On Thursday, the Council of Governors chairman Josphat Nanok said: “The council would like to urge the Senate to quickly amend the Act to include the projected $22.3 million (Sh2.29 billion) for the next three years and $9 million (Sh927 million) for this financial year.”
He went on: “This will enable the county governments to proceed and budget for their respective allocations for the implementation of the urban programme.”
The Turkana governor, who spoke moments after chairing an extraordinary meeting that discussed a variety of issues, said the World Bank-funded project to be implemented under the Kenya Urban Support Programme is expected to be implemented in six years.
The bank envisages that if the law is successfully amended in January, counties will in February be expected to draw their supplementary budgets to include funds for the project as Treasury prepares for the release of the funds.
Should this happen, the funds should be in the counties’ bank accounts by March.
“Therefore, as they develop their integrated development and other sectoral plans at the beginning of their respective regimes, this programme will contribute immensely to the fulfilment of the said plans,” noted Mr Nanok.
The Nation has established that World Bank representatives, who made a presentation during yesterday’s meeting at the council’s headquarters at Delta House, Nairobi, sought assurances from the governors that the funds would be spent prudently.
The bank representatives, however, gave preconditions that would facilitate the release of the funds: First, the county bosses are expected to ensure all their programmes aimed at urban infrastructure development are properly planned and budgeted for in line with the County Allocation of Revenue Act.
Second, the funds must be transferred from the County Revenue Funds in line with work plans and on a timely basis, and third, that the funds be accounted for transparently in line with the agreed conditions.
“This, the World Bank representatives told us, will smoothen the pathway for future programmes directly supporting the counties,” a source, who attended the meeting but sought anonymity as he is not the council’s spokesperson, told Nation.

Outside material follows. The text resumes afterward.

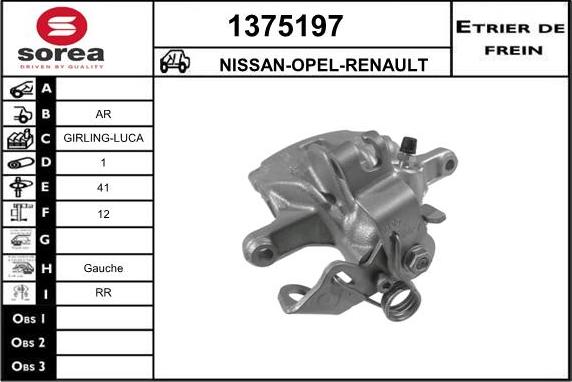 SNRA 1375197 - Étrier de frein cwaw.fr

The programme, Nation further learnt, has been divided into three phases, with the first costing Sh3.1 billion ($30.3 million) and set to benefit all the 47 counties.
The second and third phases, costing Sh2.28 billion ($22.2 million) and Sh25.4 billion ($247.5 million), would benefit at least 59 municipalities in 45 counties, excluding those in Nairobi and Mombasa.

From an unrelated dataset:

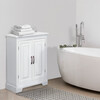 St. James Wooden Floor Cabinet with 3 Shelves, White - Cabinets - 2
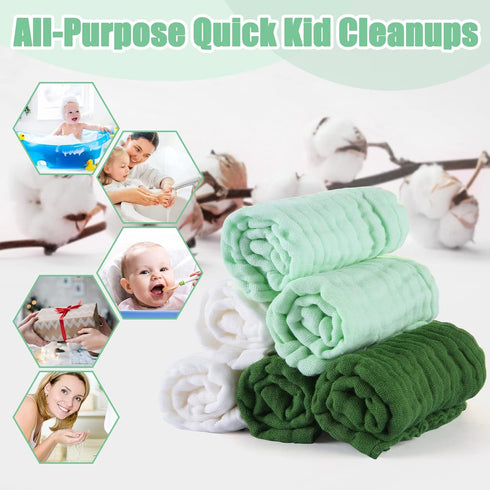 Pack 6-12x12 inches MUKIN Baby Washcloths - Soft Face Cloths for Newborn, Absorbent Bath Face Towels, Baby Wipes, Burp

“The eligible municipalities have been determined as follows; All the 45 county capitals as per the County Government Act and an additional 14 municipalities as per the Urban and Cities Act,” the source added.
On Thursday, the governors also set up a committee to be chaired by Mr Nanok to spearhead peace in the country.
Part of the committee’s mandate, Mr Nanok said, would be to reach out to both President Kenyatta and Nasa leader Raila Odinga to help cool down political temperatures in the country.